In order for teachers to effect social change in their schools and the larger society, they need to work together. No historical movement for change was made in isolation. The myth of the teacher as the lone miracle worker who toils under extremely difficult working conditions hampers collaboration between teachers and portrays teachers as divorced from the historical and social/political context. Teachers must "talk with, learn from, and challenge their colleagues in a consistent and constructive manner that reinforces their dual roles as teachers and learners"[49].

Teachers can be activists in their own classrooms by explicitly teaching about similarities and differences among human beings, about racism, discrimination, stereotypes, and heterosexism. Teachers can use the current curriculum to help students develop a critical perspective about what they read, asking questions such as: why is only this viewpoint reflected?

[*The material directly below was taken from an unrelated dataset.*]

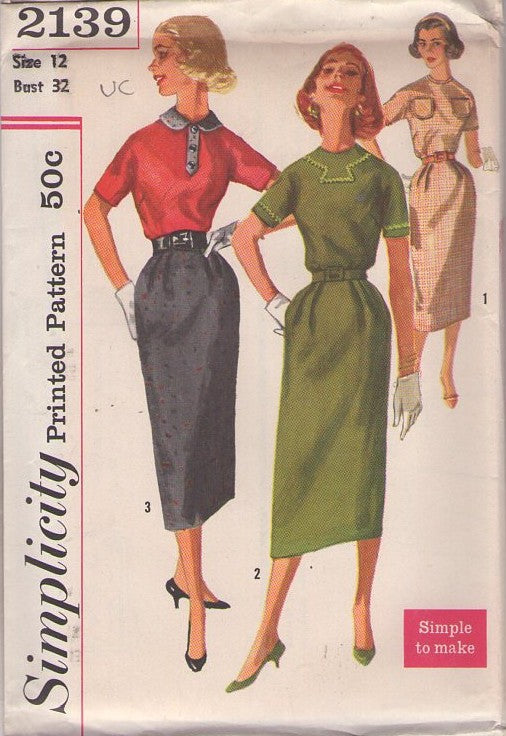 Simplicity 2139 Vintage 50's Sewing Pattern Sheath Dress Set, Triple Treat, Rockabilly Dress Set, Contrast Bodice, Pleat Fitted Slim Skirt, 3 Styles Size 12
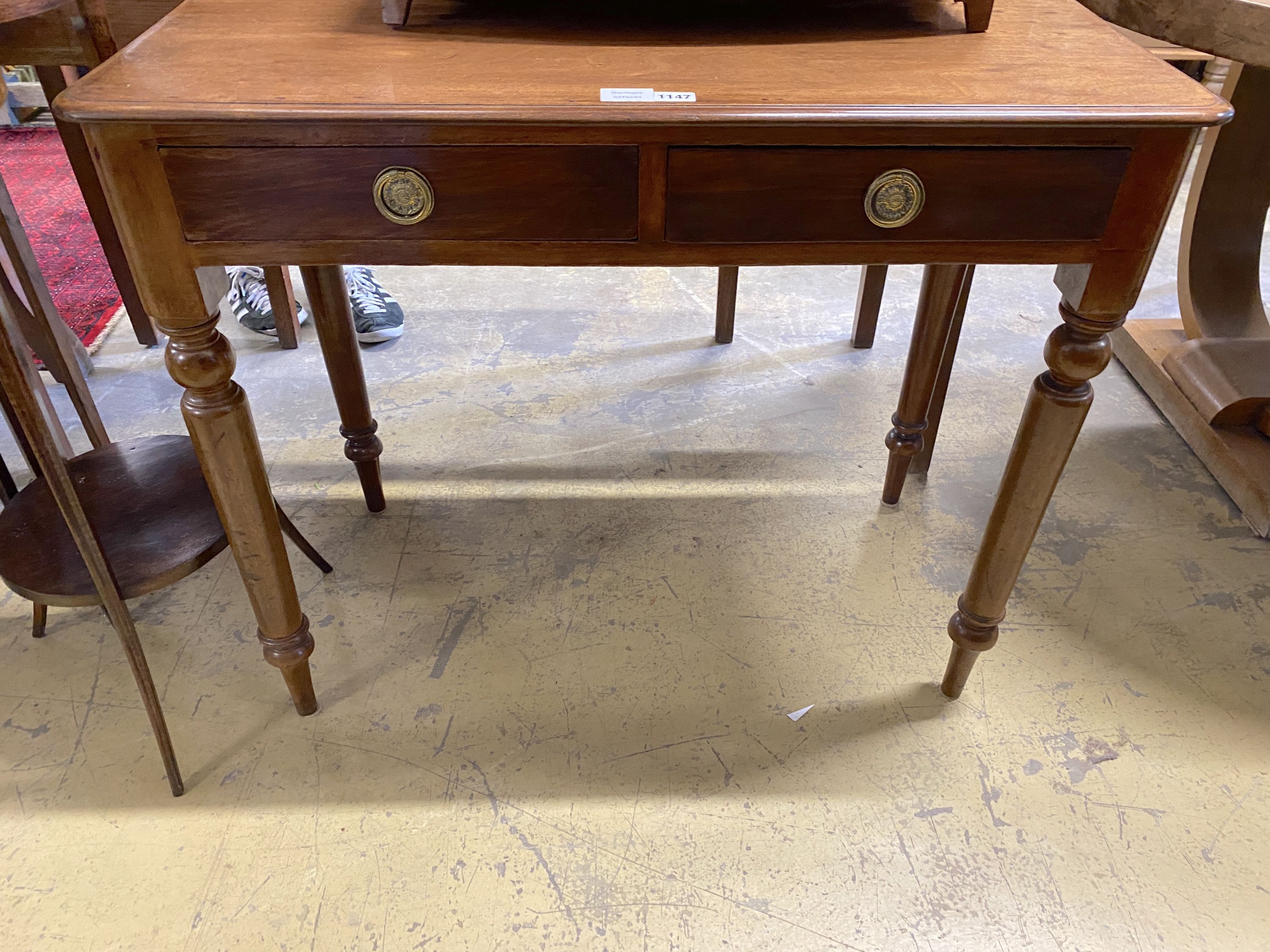 A Victorian mahogany side table fitted two drawers, width 89cm, depth 45cm, height 80cm - Image 3 of 3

Service learning and including social action components to units are powerful ways of teaching students to be activists in their communities. In addition, bringing parents and community members into the classroom to teach about specific jobs or talents increases the strength of school-community relationships and enriches the classroom environment.

Teachers can lobby collectively to hire a gender-balanced, racially, ethnically and linguistically diverse staff. They can influence job descriptions so that diversity is an important criterion and also push for aggressive outreach efforts to find diverse staff members, using measures such as postings in local papers, community centers, and businesses.

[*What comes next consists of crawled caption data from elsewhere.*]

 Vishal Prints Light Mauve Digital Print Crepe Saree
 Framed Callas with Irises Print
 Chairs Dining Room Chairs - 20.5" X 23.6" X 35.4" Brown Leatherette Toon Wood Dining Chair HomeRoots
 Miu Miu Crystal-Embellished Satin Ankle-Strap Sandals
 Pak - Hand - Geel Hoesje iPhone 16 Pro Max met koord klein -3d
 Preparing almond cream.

Teachers can join professional organizations committed to equity in public schools. They can subscribe to publications interested in effecting change in education such as Rethinking Schools, and can write articles for Rethinking Schools on their specific pedagogical practices which have been successful. They can request or purchase teaching materials from groups such as Teaching for Tolerance and Teaching for Change. They can continue to educate themselves on issues of equity in education by reading research publications.

John Dewey may have been the first advocate for teaching for social justice when he developed the first theories about technical education and student engagement in the classroom, as well as his seminal works on democracy in education. Following him were George Counts, who focused on a democratically-inclusive, socialistic educational model, while Charles Beard and Myles Horton both provided more individualistic lenses which emphasized teaching for social justice. More recently, bell hooks pioneered a culturally-relevant, critical classroom theory strongly informing teaching for social justice. Ira Shor, Peter McLaren, Henry Giroux and Stanley Arnowitz have each built upon the contributions of Freire to develop uniquely American critical examinations of culture and society. Michael Apple is remarkable for his democracy-focused project which reinforces the tenets of teaching for social justice. Jonathan Kozol, Alfie Kohn, Susan Searls Giroux, Khen Lampert and Lisa Delpit are among the growing body of modern educational theorists who have also contributed greatly to this practice.

Many universities and colleges have programs focused on teaching for social justice, including The Evergreen State College, Penn State University, UCLA and the University of Washington. A number of nonprofit organizations also support the practice in schools, including Mosaic, the Institute for Community Leadership and The Freechild Project.